X-ray powder diffraction (XRD) analysis of the as-prepared GaN nanoparticles generally shows low scattering intensity. However, the broad peak centred at 35° of 2-Theta matches with the highest intensity peak of bulk-β-GaN (Fig. 3b). The low intensity and broad peak width, in fact, are to be expected taking the particle size of 3–8 nm into account. In regard of the slow solid-state diffusion in nitrides, all in all, the good crystallinity of GaN as confirmed by HRTEM, FT and XRD is surprising in view of the here applied liquid-phase synthesis with a maximum temperature of 300 °C. Typically, completion of the ammonolysis and nitride crystallization require temperatures of ≥400 °C.^6–8

The optical properties of the as-prepared GaN nanoparticles were examined with UV-Vis spectroscopy (Fig. 5) and photoluminescence (PL) spectroscopy (Fig. 6). In this regard, UV-Vis spectra show a comparably steep absorption at 300–400 nm (Fig. 5a). By plotting (F(R)hν)²versus (hν) in a Tauc plot, a band gap of 3.9 eV can be determined (Fig. 5b). The Tauc plot – as expected – indicates the nanomaterial to exhibit a direct band gap. In comparison to bulk-β-GaN (3.3 eV),^8a,b,15 the band gap of the as-prepared nanoparticles is significantly blue-shifted by 0.6 eV, which can be ascribed to the small particle size, and which points to the presence of quantum-confinement effects.

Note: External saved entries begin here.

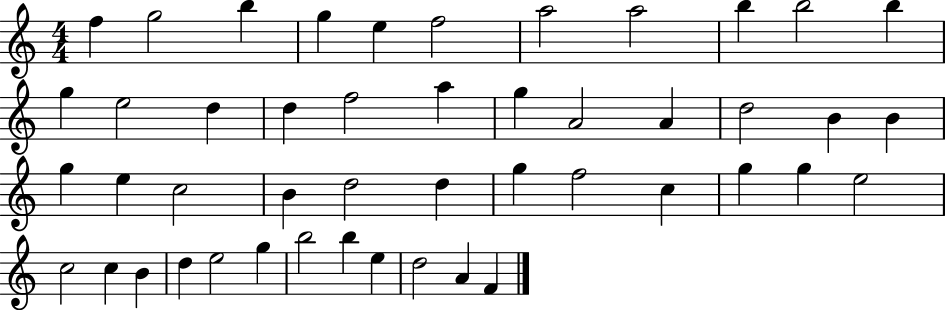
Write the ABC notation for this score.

X:1
T:Untitled
M:4/4
L:1/4
K:C
f g2 b g e f2 a2 a2 b b2 b g e2 d d f2 a g A2 A d2 B B g e c2 B d2 d g f2 c g g e2 c2 c B d e2 g b2 b e d2 A F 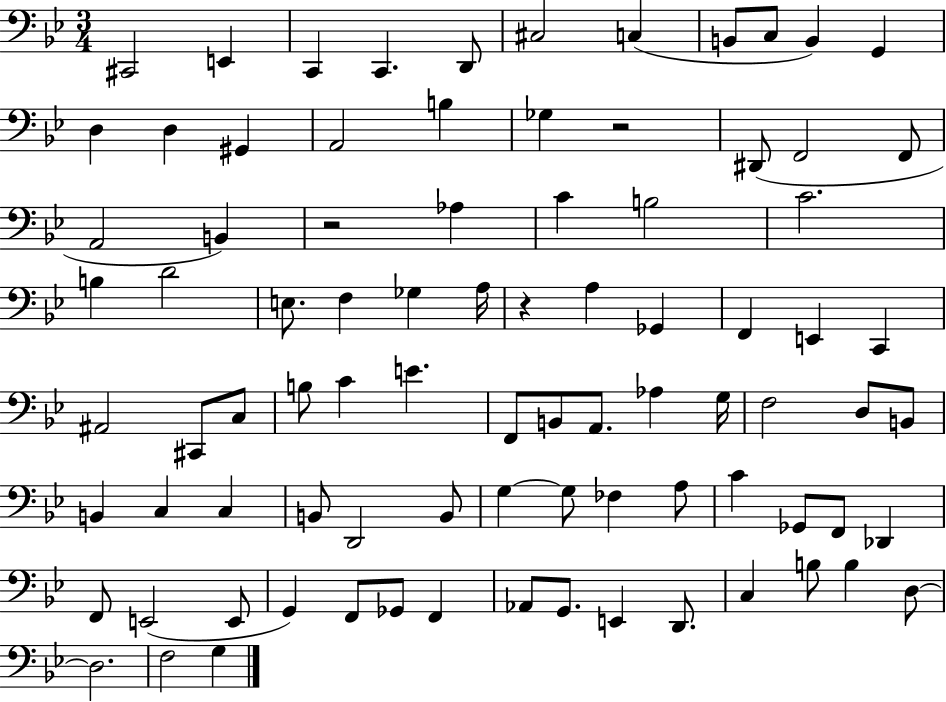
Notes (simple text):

C#2/h E2/q C2/q C2/q. D2/e C#3/h C3/q B2/e C3/e B2/q G2/q D3/q D3/q G#2/q A2/h B3/q Gb3/q R/h D#2/e F2/h F2/e A2/h B2/q R/h Ab3/q C4/q B3/h C4/h. B3/q D4/h E3/e. F3/q Gb3/q A3/s R/q A3/q Gb2/q F2/q E2/q C2/q A#2/h C#2/e C3/e B3/e C4/q E4/q. F2/e B2/e A2/e. Ab3/q G3/s F3/h D3/e B2/e B2/q C3/q C3/q B2/e D2/h B2/e G3/q G3/e FES3/q A3/e C4/q Gb2/e F2/e Db2/q F2/e E2/h E2/e G2/q F2/e Gb2/e F2/q Ab2/e G2/e. E2/q D2/e. C3/q B3/e B3/q D3/e D3/h. F3/h G3/q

Fig. 5 Optical properties of the as-prepared GaN nanoparticles: (a) UV-Vis spectrum and (b) Tauc plot.

Fig. 6 Fluorescence properties of the as-prepared GaN nanoparticles: (a) excitation spectrum (λ_em: 523 nm) and emission spectrum (λ_exc: 274 nm); (b) GaN nanoparticle powder in daylight and under excitation (λ_exc: 254 nm).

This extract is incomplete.